-2

I have a question about SQL indexing in my theory class. It asks me to choose which column should be indexed to optimize these 2 queries: (This is 'paper' question so I am not provided the database to test these indexes with EXPLAIN)

1, First query.

SELECT BranchName, No_Of_Copies 
FROM BOOK as B, BOOK_COPIES as BC, LIBRARY_BRANCH as LB
WHERE B.BookId = BC.BookId and BC.BranchId=LB.BranchId and title ="The Lost Tribe";

I have the answer of this one, which is that BOOK.title, BOOK_COPIES.BranchId and LIBRARY_BRANCH.BranchId should be used for indexing. However, I don't really understand why BOOK.BookId and BOOK_COPIES.BookId are not chosen for indexing.

2, Second query

SELECT B.cardNo, Name, Address, COUNT(BookId,BranchId) 
FROM BORROWER as B, BOOK_LOANS as BL
WHERE (BL.CardNo=B.CardNo)
GROUP BY B.CardNo, Name, Address
HAVING COUNT(BL.BookId, BranchId)>5;

Would it be optimized if I create index on BOOK_LOANS.CardNo, BORROWER.CardNo, Name and Address ?

  • 3
    "This is 'paper' question so I am not provided the database to test these indexes" -- The paper won't stop you from creating a test database by *yourself*... – sticky bit Jun 15 '21 at 11:43
  • Incidentally, since 1992, your first query would normally be written this way: `SELECT lb.branchname, bc.no_of_copies FROM book b JOIN book_copies bc ON bc.bookid = b.bookid JOIN library_branch lb ON lb.branchid = bc.branchid WHERE title = "the lost tribe";` – Strawberry Jun 15 '21 at 12:00
  • And what does `COUNT(BookId,BranchId)` do? – Strawberry Jun 15 '21 at 12:02

1 Answers1

0

That class needs to be updated. Using commas in JOIN is antiquated; the new style uses JOIN .. ON

The question is ambiguous -- what table contains title? I'll assume it is B.

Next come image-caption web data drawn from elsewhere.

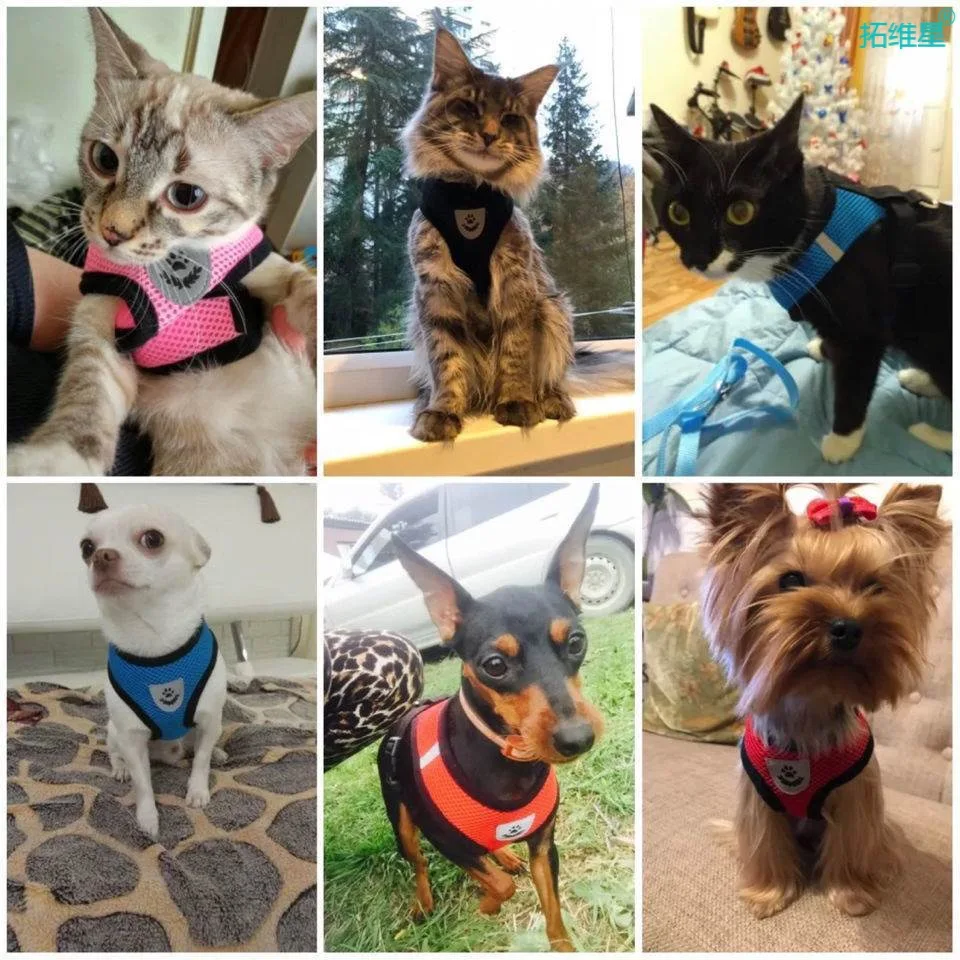 Coleira Peitoral para Cães e Gatos de Malha Ajustável com Faixas Refletivas - Imagem 5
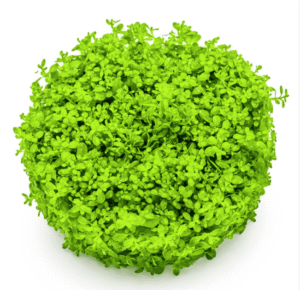 Micranthemum Callitrichoides 'Cuba'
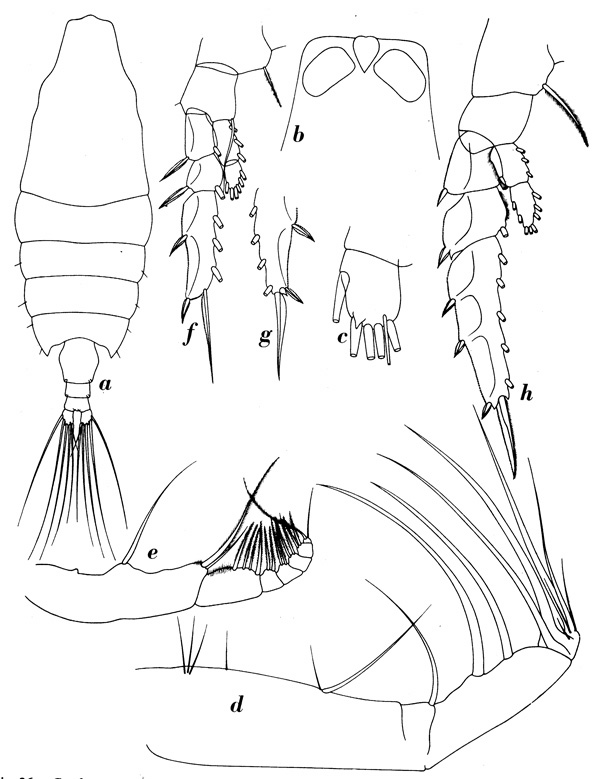 Espèce Candacia magna - Planche 2 de figures morphologiques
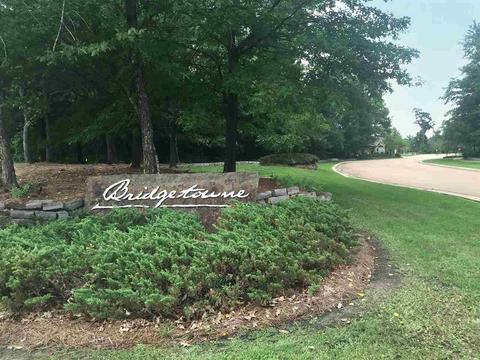 413 Dunlin Ct, Brandon, MS 39047 photo 36
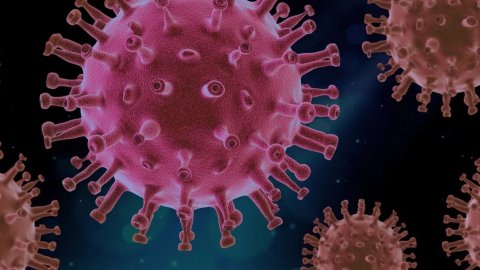 Oxford Profesörü koronavirüs ile mücadeleyi satranca benzetti: Ne yönde değişeceğini tahmin etmek zor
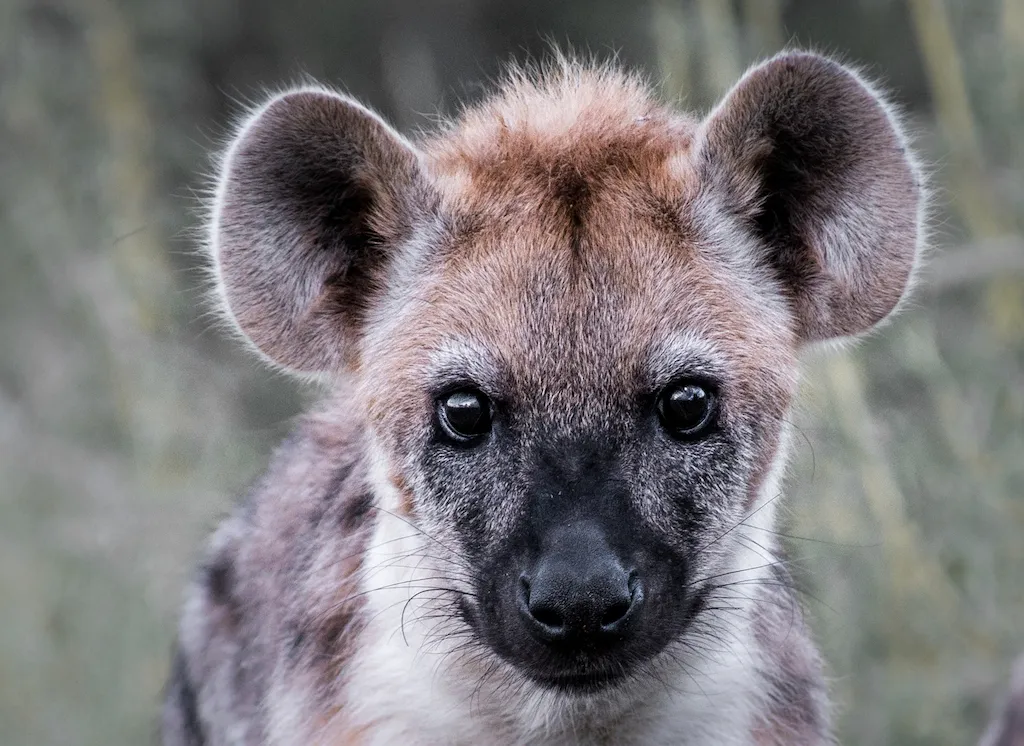 Klaserie Camps Nzumba Kruger Luxury Safari Newsletter Blog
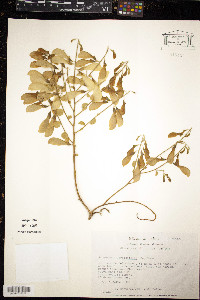 Securidaca diversifolia image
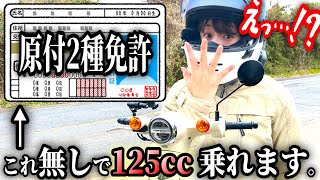 【マジです】普通・原付免許で125ccに乗れる⁉50ccが消滅⁉【2025年新原付一種】最新情報と問題点解説❗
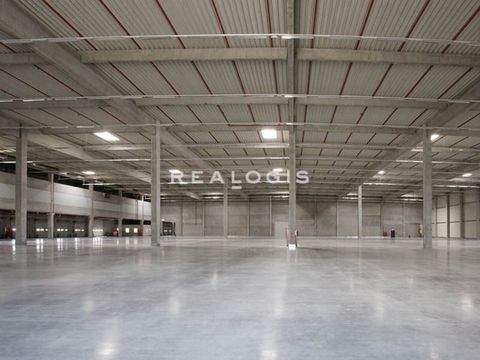 Neuss Halle, Neuss Hallenfläche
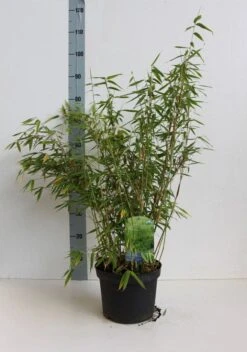 Niet Woekerende Bamboe (Fargesia Murieliae 'Simba') -Garden Plants Series Store fargesia mur simba 50 60 cm co.5l kopie 2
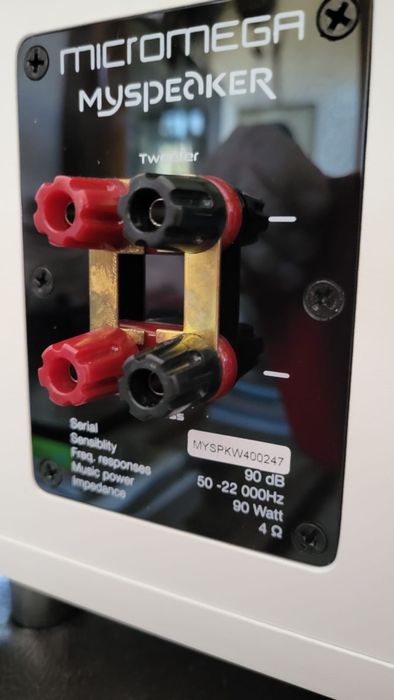 Micromega myamp wzmacniacz I kolumny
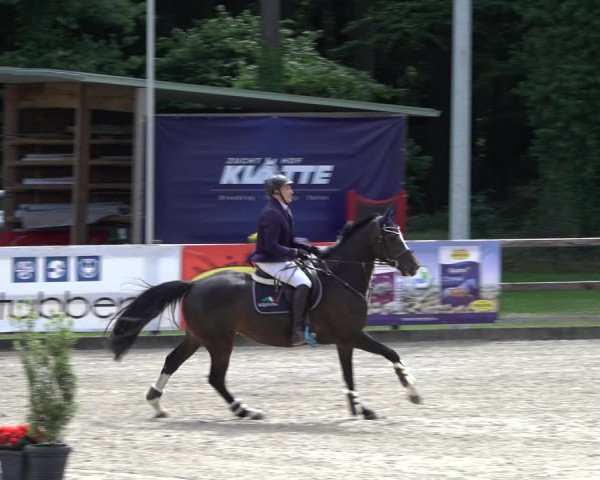 Reitturnier Klein Roscharden 2022
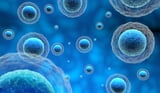 Intercellular Communication via Condensate Corona-Nanoparticle Complexes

  1. Since the only filtering is on title, The Optimizer will pick B as the first table to look at:

     B needs INDEX(title)
    
  2. From B, it can reach for BC:

     BC needs INDEX(BookId)
    
  3. Similarly:

     LB needs INDEX(BranchId)
    

If you are using MySQL, be aware that a PRIMARY KEY is an index. And every table needs a PRIMARY KEY. Also a PRIMARY KEY is necessarily unique. So, when I said "needs", you may find that there is already a PRIMARY KEY satisfying the need.

More: http://mysql.rjweb.org/doc.php/index_cookbook_mysql

I will quibble with the schema -- why is the "number of books" not simply a column in Books?

As for query 2, it is even less clear which table each column might be in.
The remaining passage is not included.